They have even kept the kids from their grandfather because of me and this is not the first time. At one point I thought it better to just break up than to have him not see his grand children. With guideance from our pastor we will remain together because we have a strong luv, bond and respect for each other.

Just blows me away how adult children can be so shallow to keep their childern from the ones who luv them. Thats so selfish and insensitve. What do they tell the children why they can't see their grand father or me???? It truly hurts the grandchildren because regretably the grandchildren will grow up thinking that this is the way it is suppose to be, AND it's not even their fault.... so sad. My heart continues to ache for the man I love.


----------



## Parrothead

Colette Nolan said:


> Just blows me away how adult children can be so shallow to keep their childern from the ones who luv them. Thats so selfish and insensitve. What do they tell the children why they can't see their grand father or me???? It truly hurts the grandchildren because regretably the grandchildren will grow up thinking that this is the way it is suppose to be, AND it's not even their fault.... so sad. My heart continues to ache for the man I love.

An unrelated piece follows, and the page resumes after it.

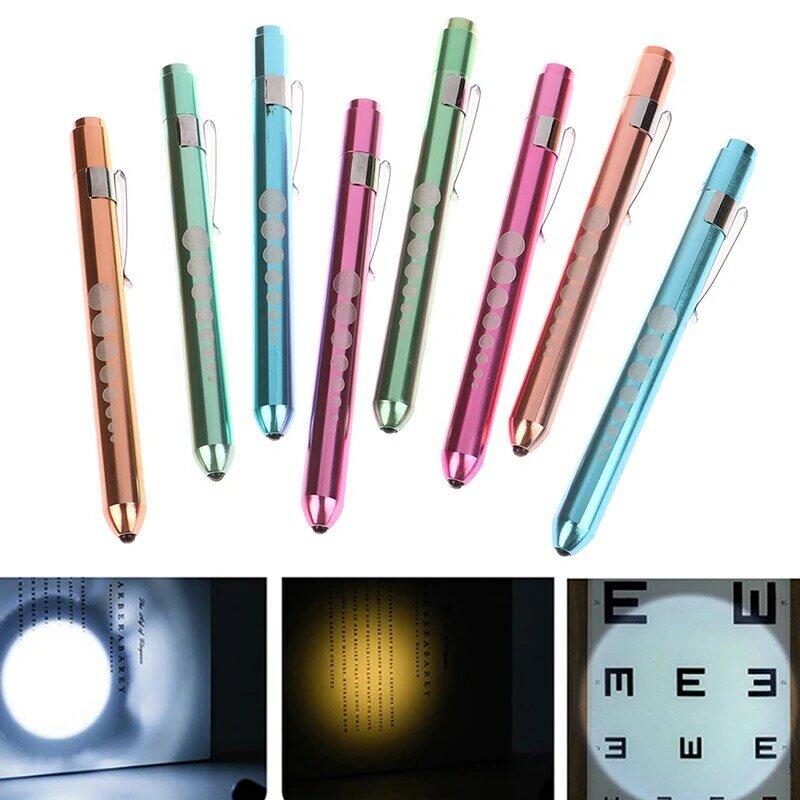 LED 손전등 작업 조명 응급 처치 펜 라이트, 토치 램프, 눈동자 의료 펜 라이트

Yup...as bad as they are as the fiance's offspring imagine what they will be like as steps. 

Do you really want to live like this?


----------



## SHYONcE

dont let them disrupt your life together! my dad just got remarried several weeks ago. my younger sister (31) was being a drama queen about it, but her reasons were due to own life situation. She moans that my older sister has an awesome husband, and i have a pretty and nice wife (we have problem tho), but her marriage is bad so its not fair, blah blah. Dont let their attitude ruin your life. They are wrong not you imo.


----------